First off, let’s be clear on a couple things. Botswana is home to well over 130,000 free-ranging elephants. Combined with Zimbabwe and the rest of the Kavango-Zambezi Transfrontier Conservation Area, this metapopulation represents the majority of all elephants in Africa. Almost 40% of the Botswana’s total land area is protected, a huge commitment to conservation and a rate most Western nations can’t imagine ever achieving.
Secondly, there was never a hunting “ban” as the media tells you. Convinced of the potential for photo tourism to replace the consumptive use of wildlife, the previous administration instituted a suspension of hunting on public lands in 2014 renewed annually by executive order during Ian Khama’s term. While some species populations were declining at the time, likely due to the growing elephant problem, elephants and the majority of other species were actually still increasing.
In those five years, elephant populations exploded beyond their historic range causing an unprecedented level of human-wildlife conflict. South of the world-famous Okavango Delta and Chobe enclave is one of the only areas in Africa where elephant range is actually expanding, unfortunately to the detriment of rural Batswana. These herds urgently need to be managed to within their ecological carrying capacity and social tolerance. Local communities are now facing new hardships as they’ve been deprived of revenue once brought in by international tourist hunting.
Last year, H.E. President Mokgweetsi Masisi lifted the temporary moratorium. Long before Masisi’s announcement however, he established a Cabinet level Sub-Committee focused on social dialogue and began an extensive consultation process further implemented by the Ministry and Department. Masisi himself along with his government authorities have continued to defend their decision to the general public and disingenuous journalists.

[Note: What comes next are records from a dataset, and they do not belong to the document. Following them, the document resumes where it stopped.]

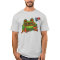 No Fracking North Carolina Frog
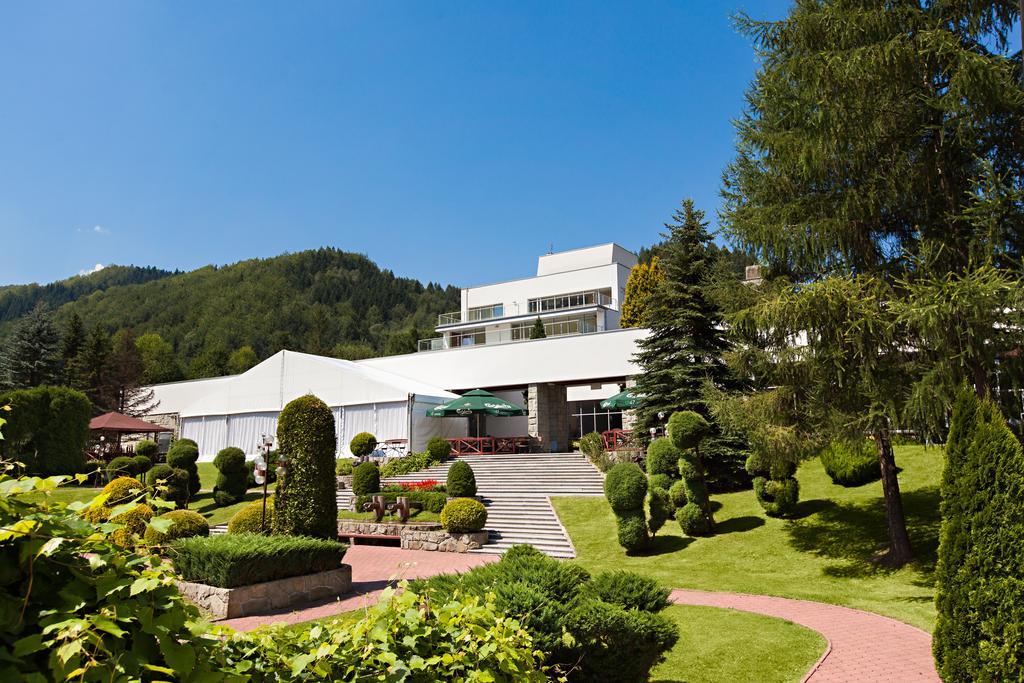 Hotel Perla Poludnia Rytro Dış mekan fotoğraf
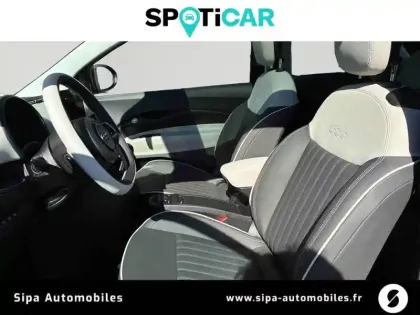 Photo 12 Fiat 500  1.0 65 ch Hybride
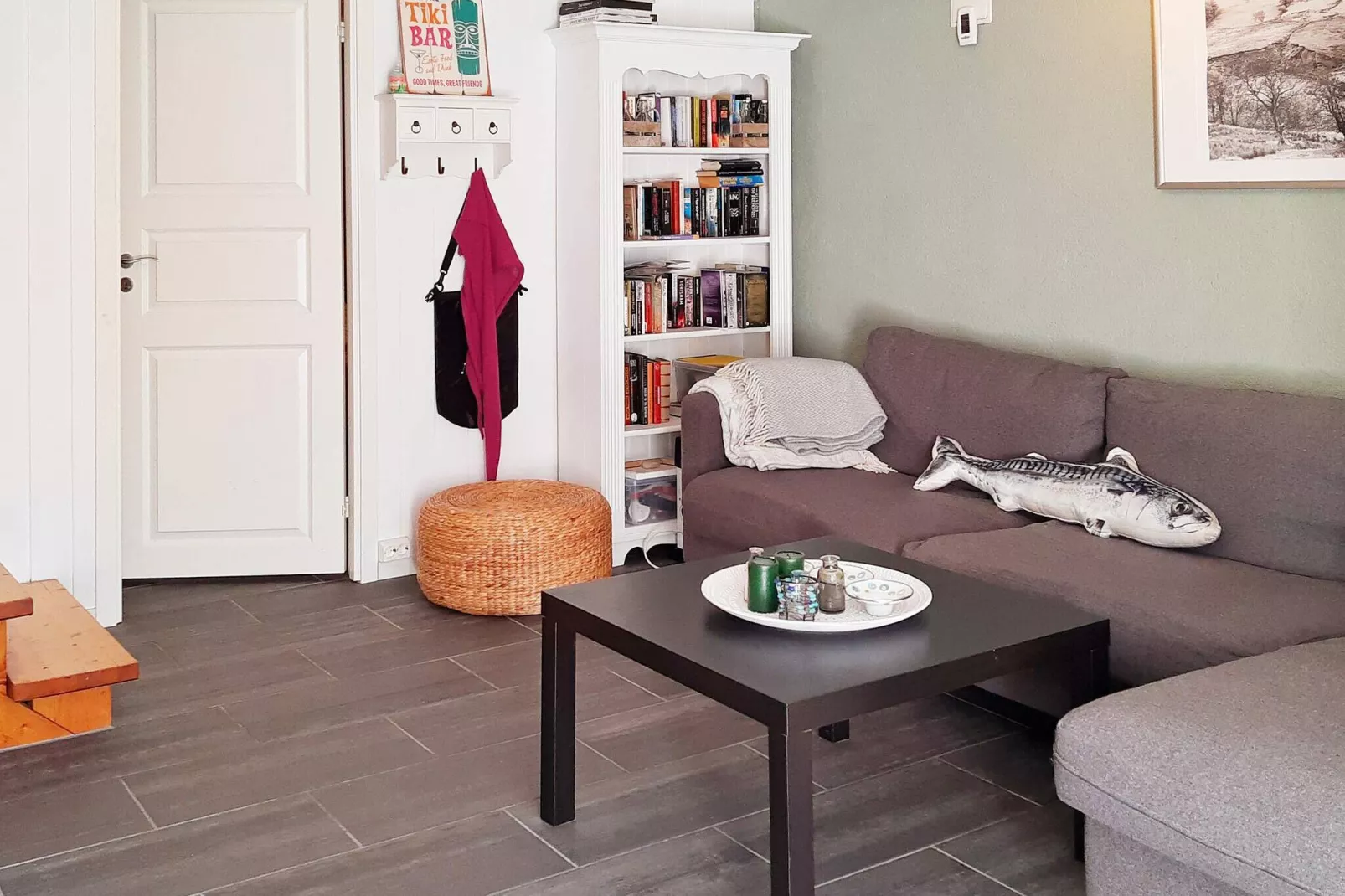8 persoons vakantie huis in Søndeled-By Traum-Binnen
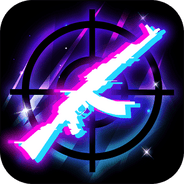 Beat Shooter Gunshots Game MOD APK 2.2.7 Unlocked Vip Unlimited Money
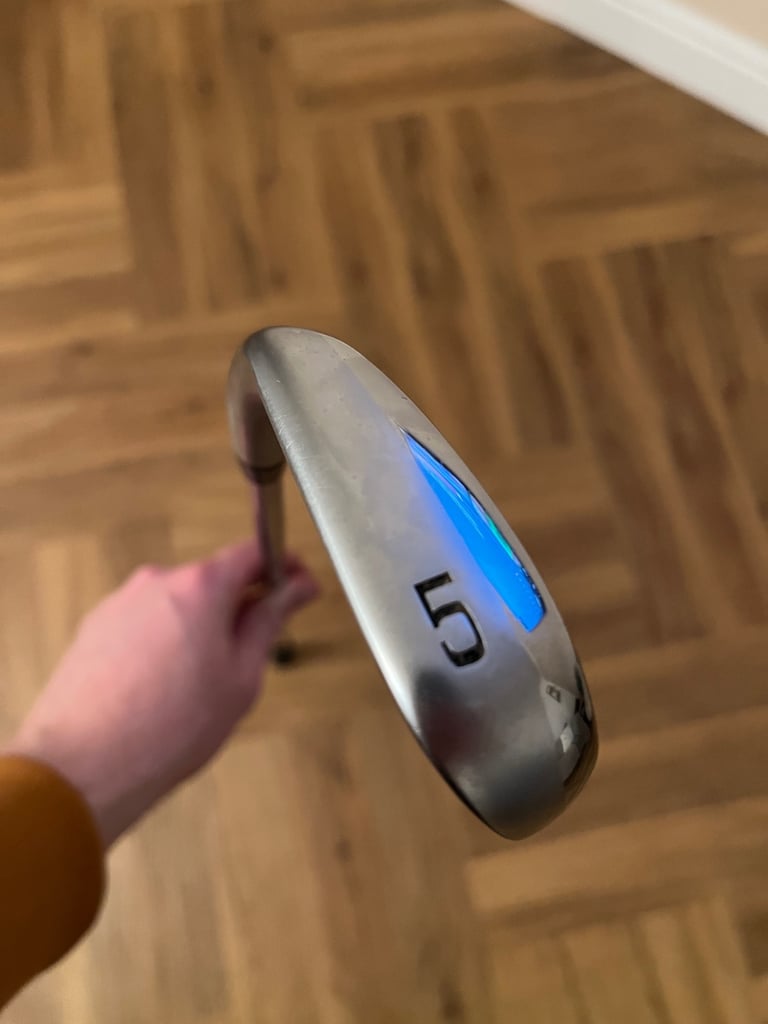 Mizuno JPX 921 Hot Metal 5-Iron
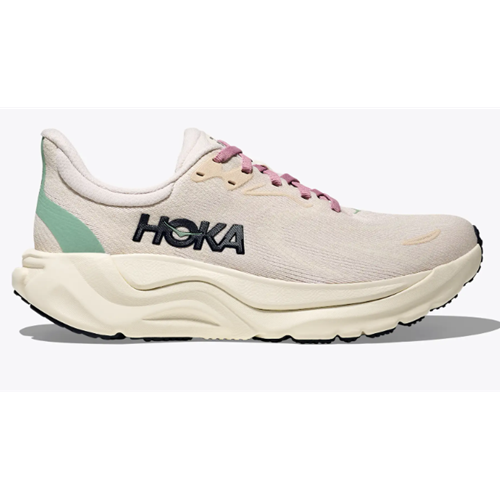 HOKA Arahi 8 Women's X-Wide EE Rose Cream, Alabaster 1175531 RCRM
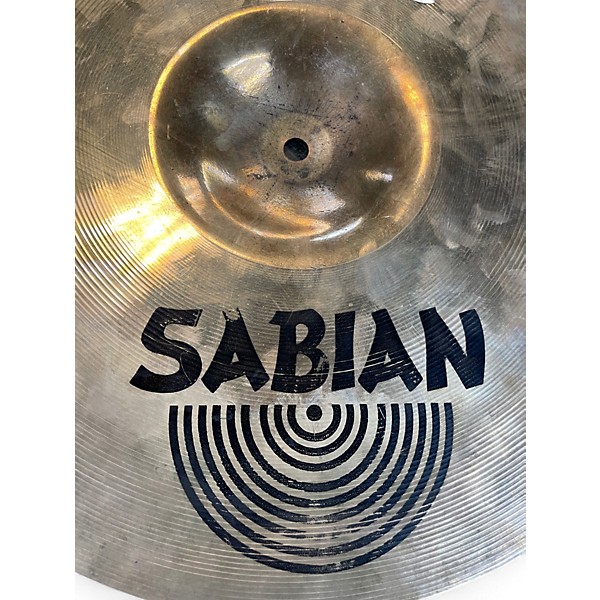 Used SABIAN 16in AAX Xplosion Crash Cymbal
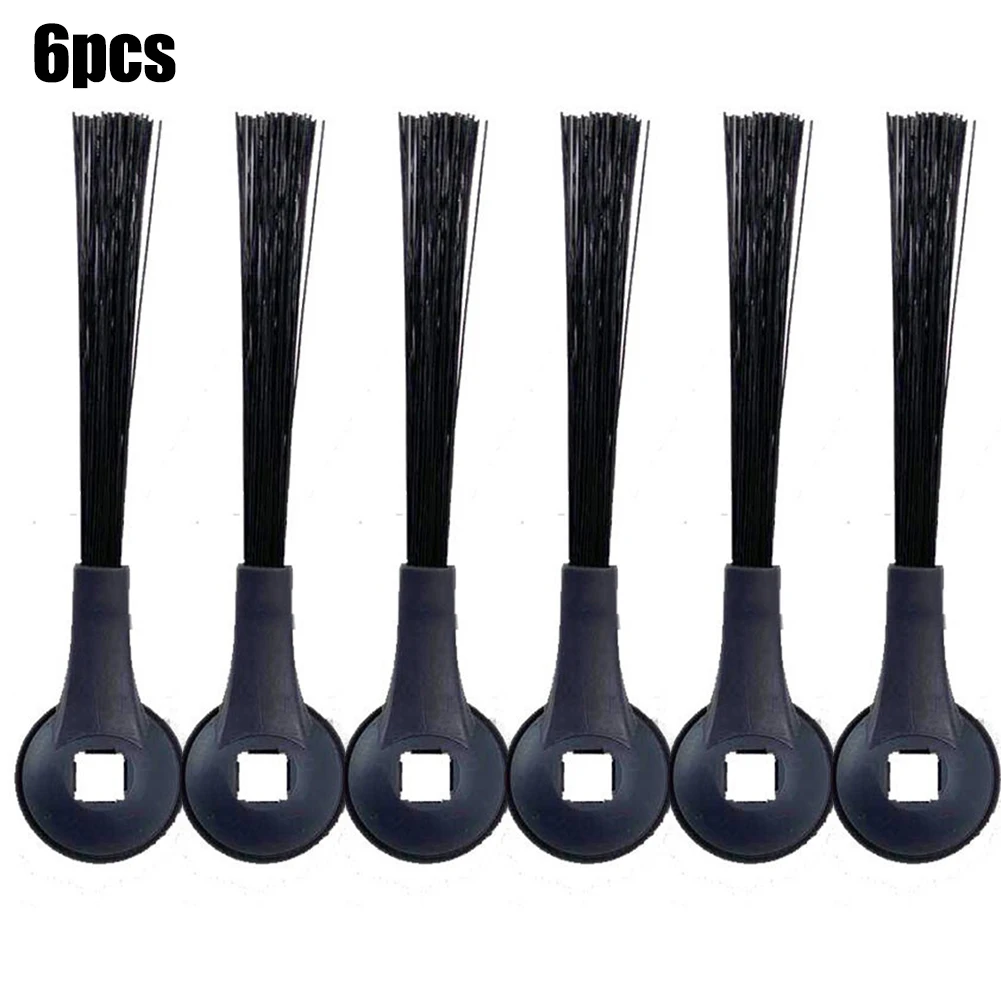 6 Pcs Side Brushes For Shark RV2502AE AV2501AE AV2501S Vacuum Cleaner Household Vacuum Cleaner Replacement Spare Parts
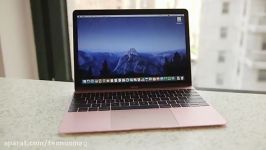 بررسی مک بوک جدید Mac Book 2016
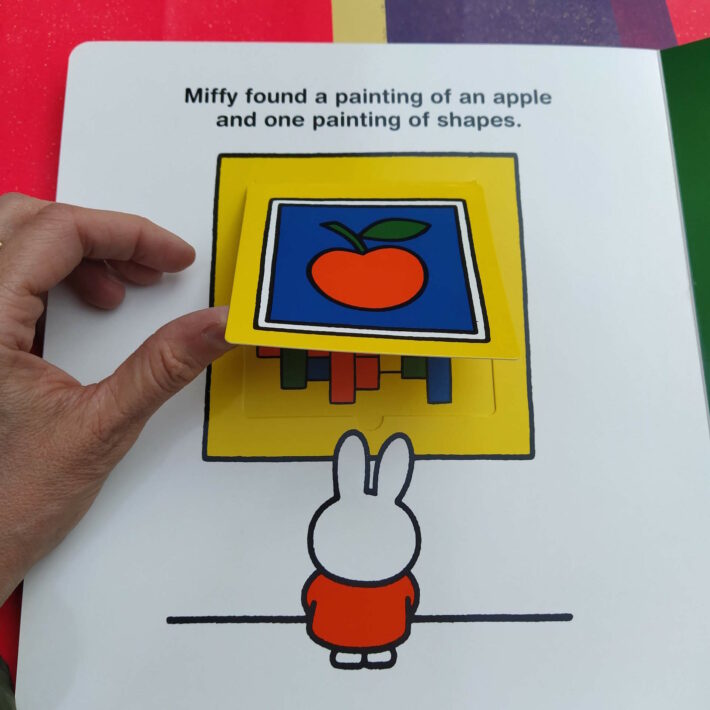 Dick Bruna_Miffy the artist_3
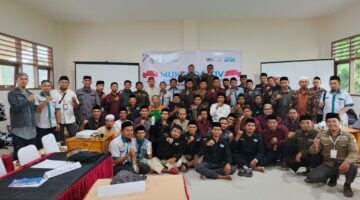 Musyawarah Kerja Daerah XIV Wahdah Islamiyah Bantaeng Resmi dibuka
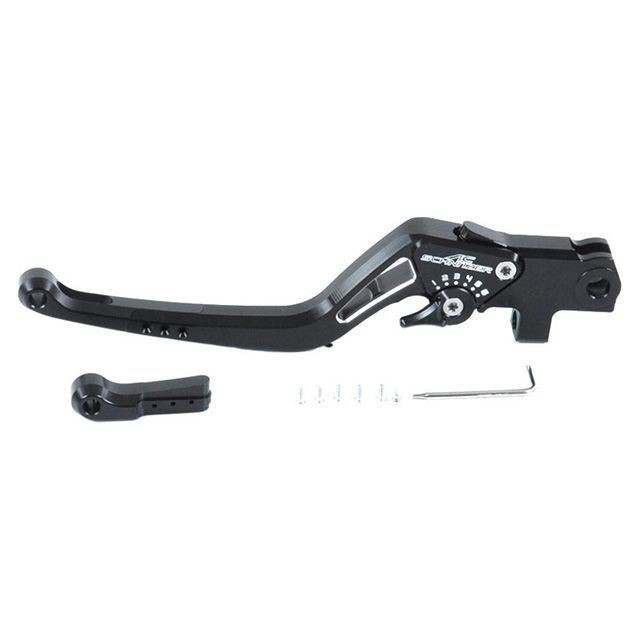 ACシュニッツァー Clutch lever adjustable AC S2 R 1200 R from 2015 ｜ S700-64644-81…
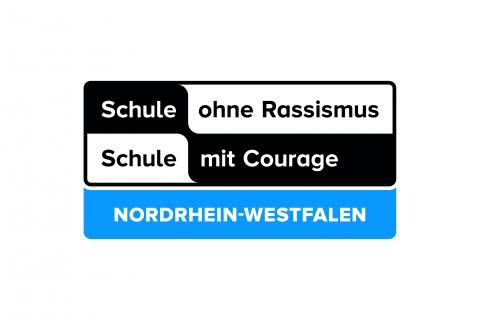 Logo Schule ohne Rassimsus - Schule mit Courage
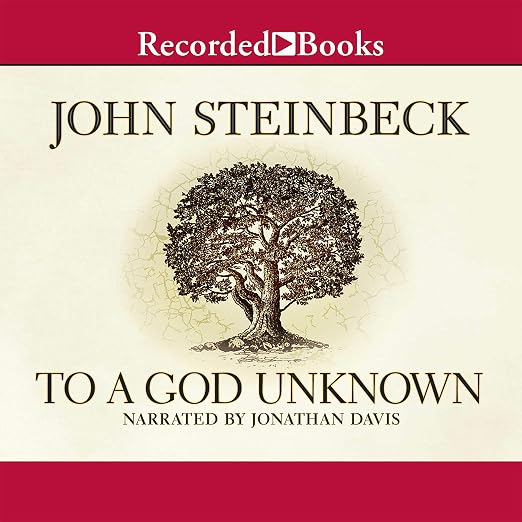 To a God Unknown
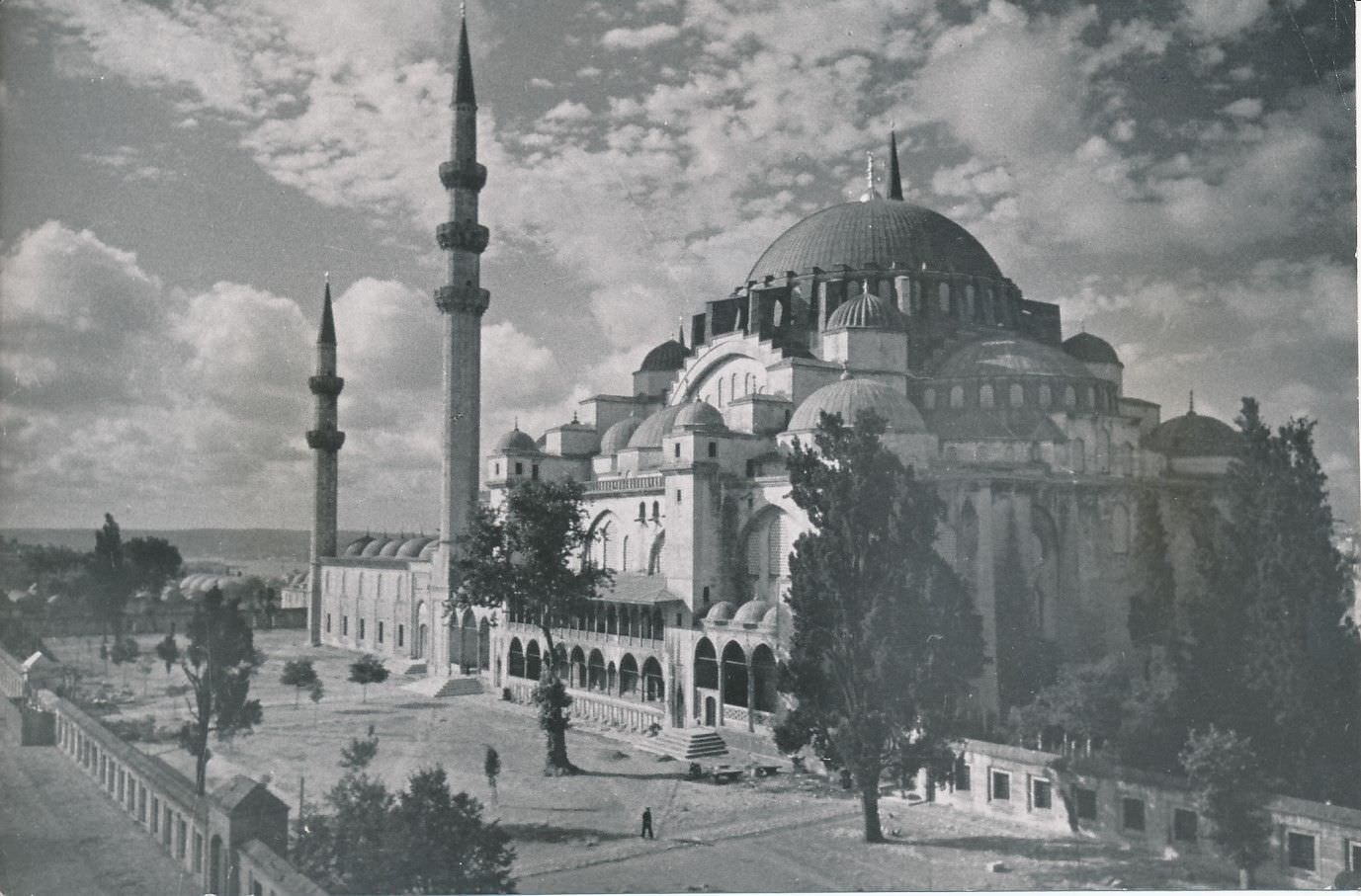 Süleymaniye Camii 4
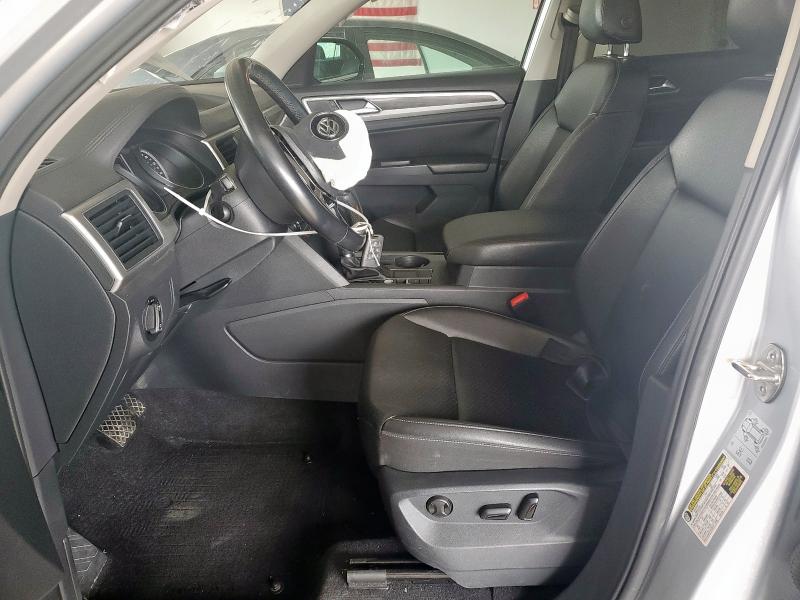 2018 VOLKSWAGEN ATLAS SE 1V2DR2CA4JC514973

“Masisi with his vision opened up consultation with the people most impacted, where Batswana were involved in expressing their concerns and given a voice for solutions. That goes way back into our cultural traditions. Both the ‘therisanô’ and ‘tlotlô’ values were implemented in this process” as the Botswana Ambassador to the United States Hon. David Newman put it at the 2020 SCI Convention. “Under President Masisi’s administration the policy frameworks, laws and economic programs put our people first and we don’t make any apology for that.”